As with most of the ironstone quarries in the East Midlands, the museum is located in open countryside. The site allows visitors ease of movement to enjoy our industrial heritage, including the railway which was used to take the excavated ironstone rock to the steelworks.
Finding and contacting us
Please feel free to contact us before your visit if you require any information regarding access and we will only be too willing to assist you in whatever way we can.
The museum has its own free car park a short walk to the museum entrance. There are two spaces reserved for visitors with limited mobility. The car park is surfaced with compacted ash ballast, providing a firm and level surface.
The Sundew Cafe
The single storey Sundew Café provides a welcome to the museum and includes some initial interpretative material to explain the heritage behind the museum. The Café also offers limited light refreshments on operational and other days as advertised; there is a small ramp over the threshold to enter the building.
The Woolsthorpe Conservation Workshop
From the patio outside Sundew Café visitors can head off to other parts of the museum. The route to the nearby Woolsthorpe Conservation Workshop is via a short level concrete path which also runs the length of the building internally. There is a small step down into the Woolsthorpe Conservation Workshop, which should be manageable for wheelchair users.
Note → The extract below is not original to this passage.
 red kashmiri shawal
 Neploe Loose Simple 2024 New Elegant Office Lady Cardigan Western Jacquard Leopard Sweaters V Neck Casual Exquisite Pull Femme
The Simon Layfield Exhibition Centre and Station Platform
To visit the Simon Layfield Exhibition Centre and Station Platform, there is a short concrete path from the Sundew Café taking you through a simple control gate to a wooden boarded crossing over the railway track. On the other side of the crossing, access to the Station Platform is via a short steep ramp. Volunteers are always willing to lend a hand to help wheelchair users or parents/carers with buggies.
The Station Platform has a level concrete surface with sensory studs along the edge. Access to the Exhibition Centre is via the far end of the platform, where a gentle ramp guides visitors down to the building access door. Inside the Exhibition Centre, parallel level concrete walkways provide a route around the various displays and the locomotive exhibits. Exiting is via the same door you entered by.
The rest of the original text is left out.